Only one Test has resulted in a draw since Stokes and McCullum joined forces on the back of a particularly turgid period during which England had won only one game in 17 under a far more conservative management duo of skipper Joe Root and coach Chris Silverwood.
And that one draw was only because two days were lost to rain at Old Trafford in Manchester when England were in a commanding position at a pivotal stage of the most recent Ashes series against Australia two years ago.
The third Test of this series against India, deadlocked at 1-1 after two of the five games, may buck that trend.

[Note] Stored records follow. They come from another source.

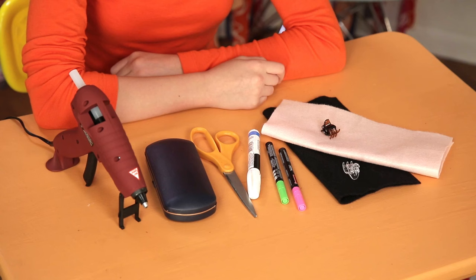For this you'll need an old sunglass case, paint markers, black and pink felt, hair clips, hot glue, and scissors.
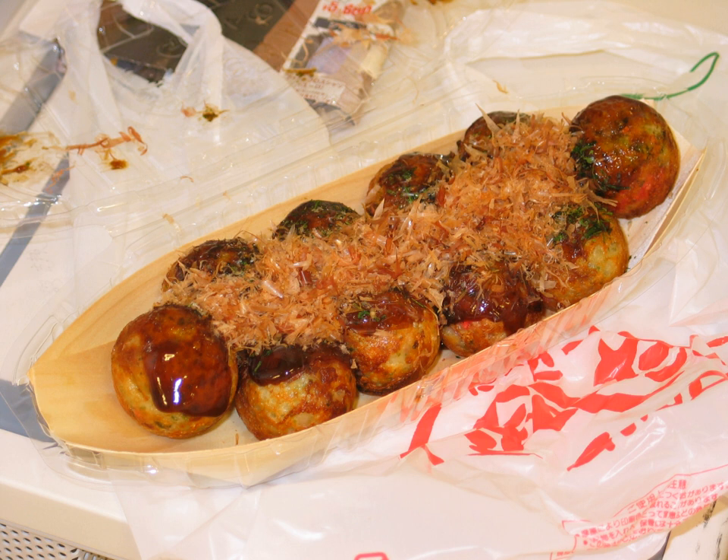A takoyaki pan, or more rarely a takoyaki nabe, is typically a griddle made of cast iron with half-spherical molds. The heavy iron evenly heats the takoyaki, which are turned with a pick during the cooking process to pull the uncooked batter to the base of the rounded cavity. Commercial gas-fueled takoyaki cookers are used at Japanese festivals or by street vendors. For home use, electric versions resemble a hotplate, and stovetop versions are also available.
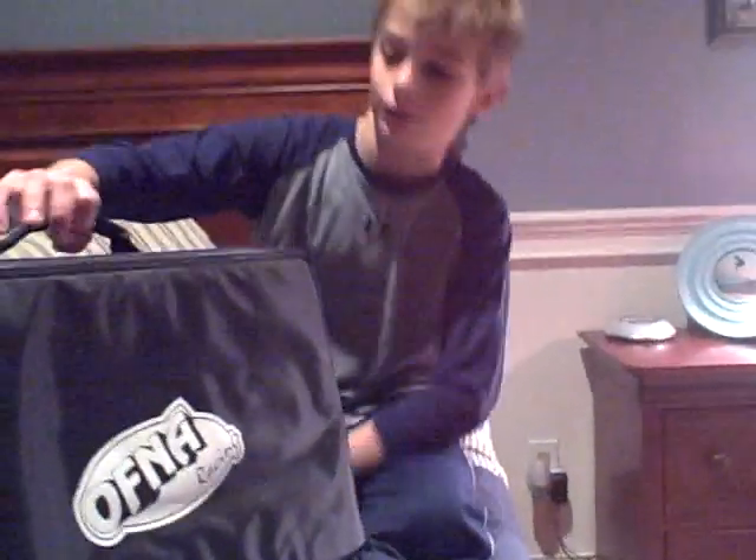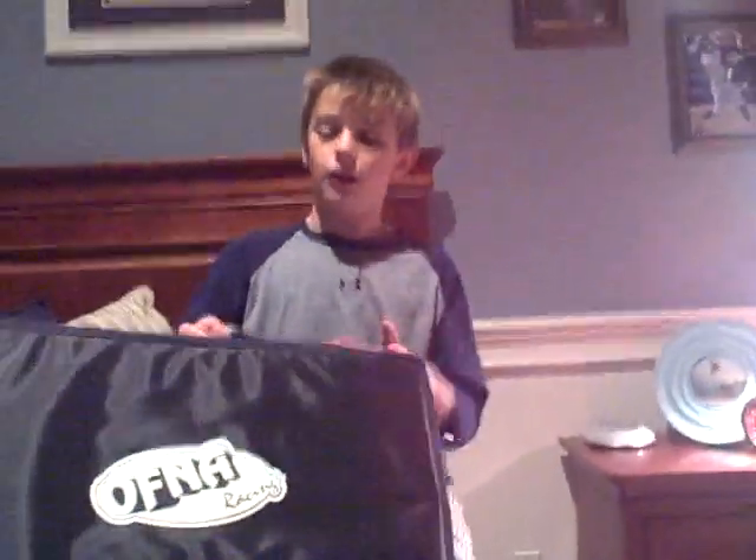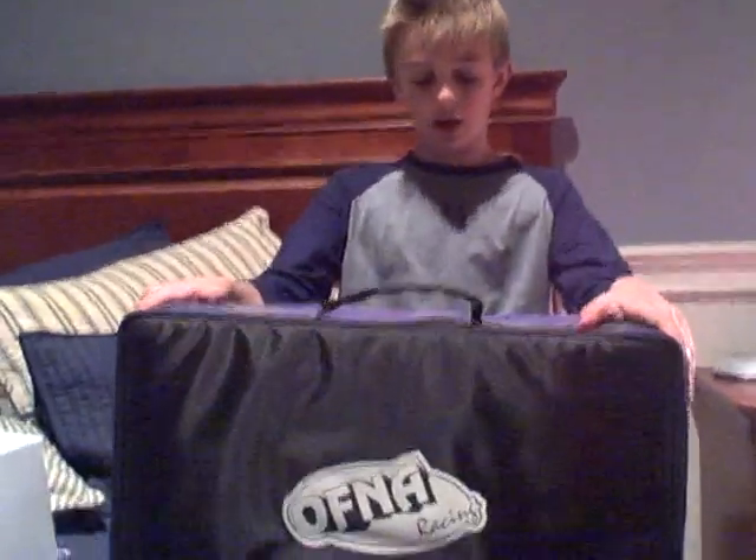I found a great Ofna Racing bag — Ofna Racing, right there. It's got a handle up here. Four RC cars you should include. Yeah, so for any 1/8th RC car, I'm guessing.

It has been a throwback, three evenly-matched days so far in which India, remarkably, were dismissed for exactly the same score as England, 387, just 15 minutes before the close of day three, creating a one-innings match with only two days left to produce a positive result.
Now England will have to try to score at their Bazball norm of more than five runs an over — unprecedented in more than 200 previous years of Test cricket before they came along — in their second innings if they are to have enough time to bowl India out a second time and win. India, meanwhile, will need to dismiss England again by the close of the fourth day tomorrow to give themselves enough time to force a win on Monday on a last-day pitch.
It is the sort of situation that used to be commonplace before the success of short-form Twenty20 cricket revolutionised the game and threatened to turn the Test format into an anachronism with no place in a modern, impatient sporting world.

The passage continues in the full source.